Problem requirements:
Repeat every line of the data exactly; the pictures stay out.

Given information:
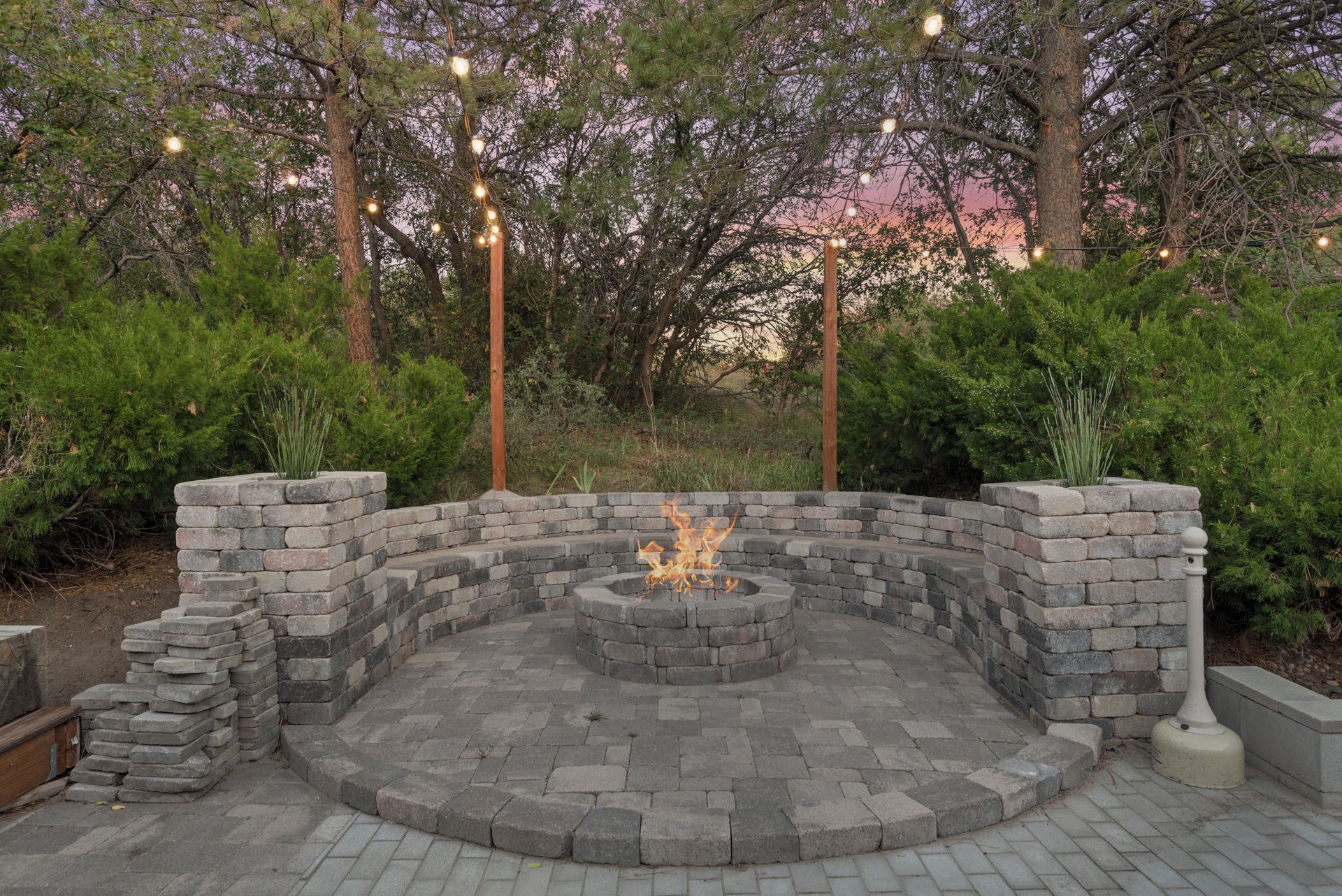 A circular stone fire pit surrounded by a low stone wall, with string lights above and dense shrubbery in the background.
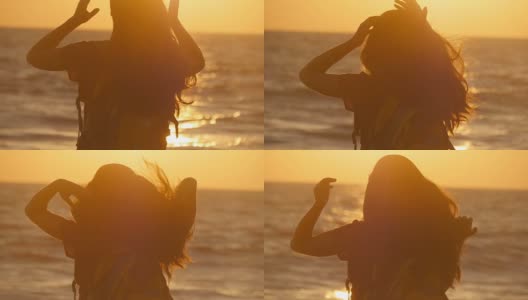 日落时分，年轻的女游客在海边扎马尾辫。日出时，美丽的女孩在海边捏着自己的头发。女背包客编织头发和做发型。护发高清在线视频素材下载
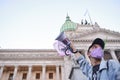 Argentine activist raising a megaphone with a text in favor of veganism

Response box:
 A circular stone fire pit surrounded by a low stone wall, with string lights above and dense shrubbery in the background.
 日落时分，年轻的女游客在海边扎马尾辫。日出时，美丽的女孩在海边捏着自己的头发。女背包客编织头发和做发型。护发高清在线视频素材下载
 Argentine activist raising a megaphone with a text in favor of veganism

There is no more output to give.